§ TASK GOAL
Make a verbatim copy of the records; pictures stay out.

§ MATERIAL FOR THIS TASK
★ ★ ★

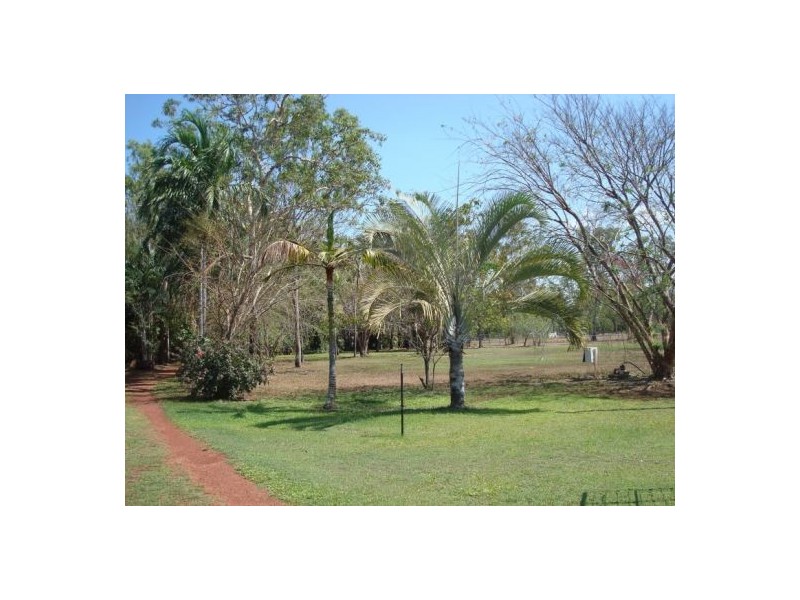 40 Pangola Rd, Humpty Doo NT 0836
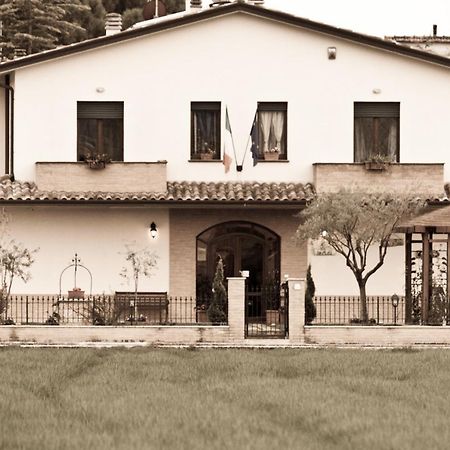 P&P Assisi Camere Bastia Umbra Εξωτερικό φωτογραφία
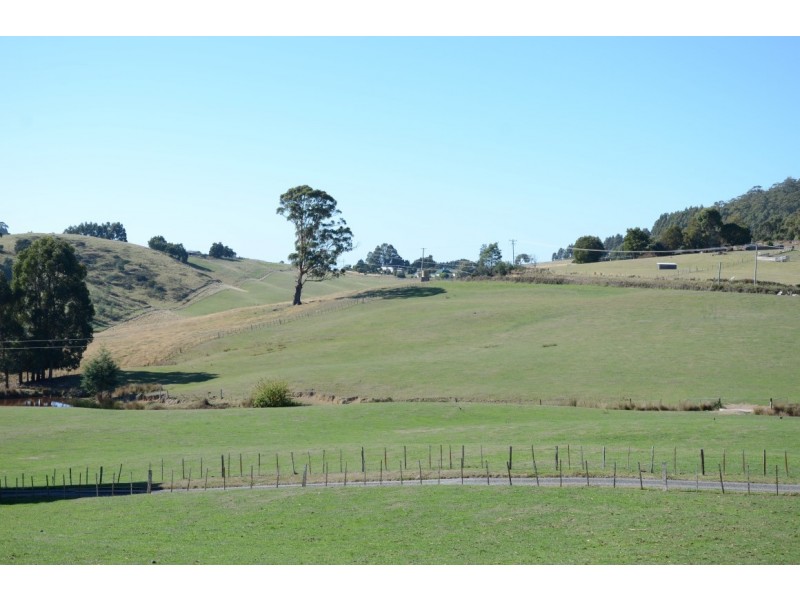 . Sheffield Road, Acacia Hills TAS 7306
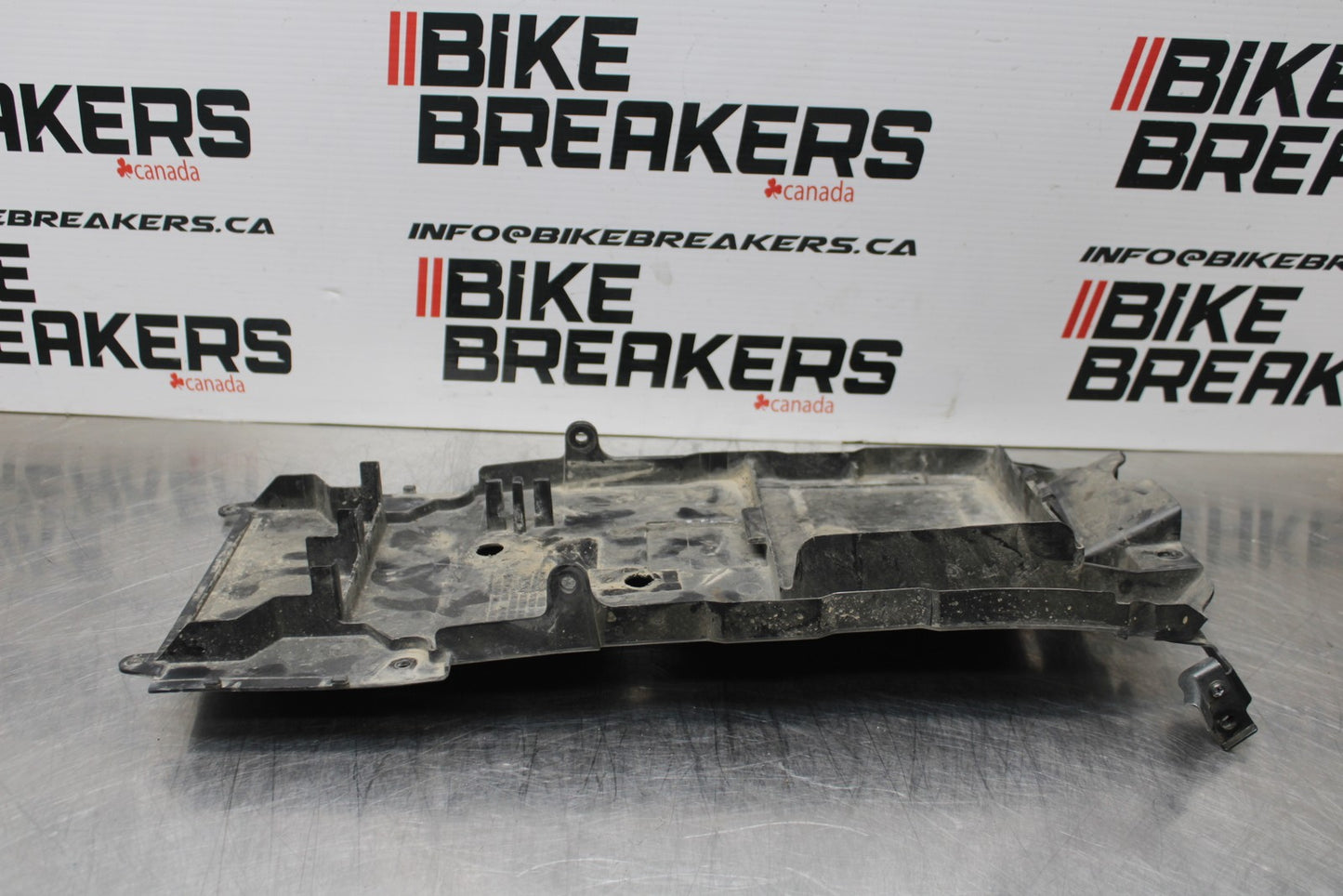 08 KAWASAKI NINJA ZX10R REAR BACK TAIL UNDERTAIL BATTERY TRAY PLASTIC BB201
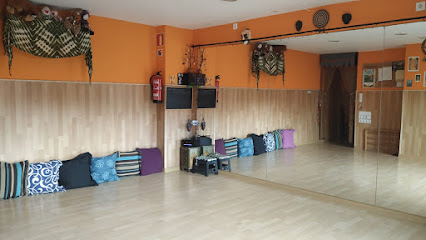 Escuela de baile Andanzas: Pasión y ritmo en movimiento ¡Siente el ritmo en Carnivale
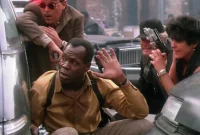 Synopsis and Review of Predator 2: Mysterious Extraterrestrial Attacking the City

★ ★ ★

§ EXERCISE ANSWER
 40 Pangola Rd, Humpty Doo NT 0836
 P&P Assisi Camere Bastia Umbra Εξωτερικό φωτογραφία
 . Sheffield Road, Acacia Hills TAS 7306
 08 KAWASAKI NINJA ZX10R REAR BACK TAIL UNDERTAIL BATTERY TRAY PLASTIC BB201
 Escuela de baile Andanzas: Pasión y ritmo en movimiento ¡Siente el ritmo en Carnivale
 Synopsis and Review of Predator 2: Mysterious Extraterrestrial Attacking the City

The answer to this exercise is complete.